We mull the incident over lunch. M. is generally skeptical. But the sudden appearance of this big beetle, out of the blue, strikes us both as remarkable. We’d both sensed its presence before we looked down. We called out “Gregor” together and “Gregor” let himself be photographed, as if by way of proof. To me this feels like a visitation from literature, a stand-in for the man, an affirmation of his presence for us in this place. M., less effusive as always, wants to get back on the road, and googles our next destination: Lübeck, west-southwest on Highway 20. Ninety minutes till arrival, if the way is clear.
Until he came to Müritz, Kafka hadn’t been to the seaside for years. Not since 1914, when he traveled to Lübeck after what he called the “tribunal” at the Askanischer Hof Hotel in Berlin — where he was taken to task by his fiancée, Felice Bauer, in the company of others, and their first engagement came to an end. Lübeck was a consolation vacation. Franz needed to get away and decompress. He left Berlin from the Lehrter Station (now the Hauptbahnhof), arrived in Lübeck on the night of July 27 and stayed at the Hotel Kaiserhof on the Trave. He recorded this in his diary, without a hint of contrition. He went for a walk on the Old City Wall, ate at the Hansa dairy, visited Travemünde on Lübeck Bay — with its “view of the beach” and “mixed bathing.” “My bare feet struck people as indecent,” he projected.

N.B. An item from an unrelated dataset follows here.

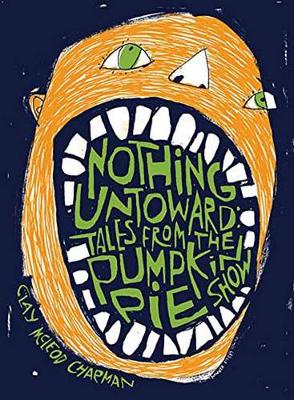 Nothing Untoward: Stories from The Pumpkin Pie Show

The Hotel Kaiserhof, built in 1898, still stands — restored yet faded — and I’d booked us a room for the night of July 12. We check in, late afternoon, and set out to explore; cross the bridge over the Trave and enter the Old City. We visit the great two-turreted Holstentor (Holsten Gate) — emblem of Lübeck, built in 1477; Gothic Marienkirche (St. Mary’s Church) with its high brick vault — tallest in the world; and view the lay of the land from the tower of Petrikirche (St. Peter’s Church). The Hansa dairy is no longer extant. From what we’re told at the Tourist Information Center, MacDonald’s has taken its place. Lübeck, a Hanseatic port, is a stately place. Kafka came and went from here, by ferry, to Marielyst — to continue vacationing with his writer friend Ernst Weiss (and Weiss’s girlfriend) at a small resort with sandy beaches on the Danish island of Falster. Lübeck, it seems, does not remember Franz. He stayed at Hotel Kaiserhof, but there’s no commemorative wall plaque, no bronze bust on a stand in the foyer. No literary or fateful traces either. If not for his ‘private writings’, we would not know he’d been here. His intersection with the city, it seems, was evanescent, and washed away.

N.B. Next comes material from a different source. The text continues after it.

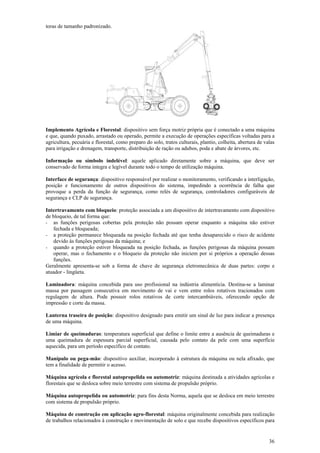 toras de tamanho padronizado.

We pack up early morning, July 13. It occurs to me that this is the same day that Franz and Dora met in Müritz, 93 years ago. I’m warmed by the thought of this little convergence. It feels like a checkpoint on the course I’m on. We leave the Kaiserhof and Lübeck before the sun is up. We’re heading south to Berlin, the inland city that Kafka called the “antidote to Prague.”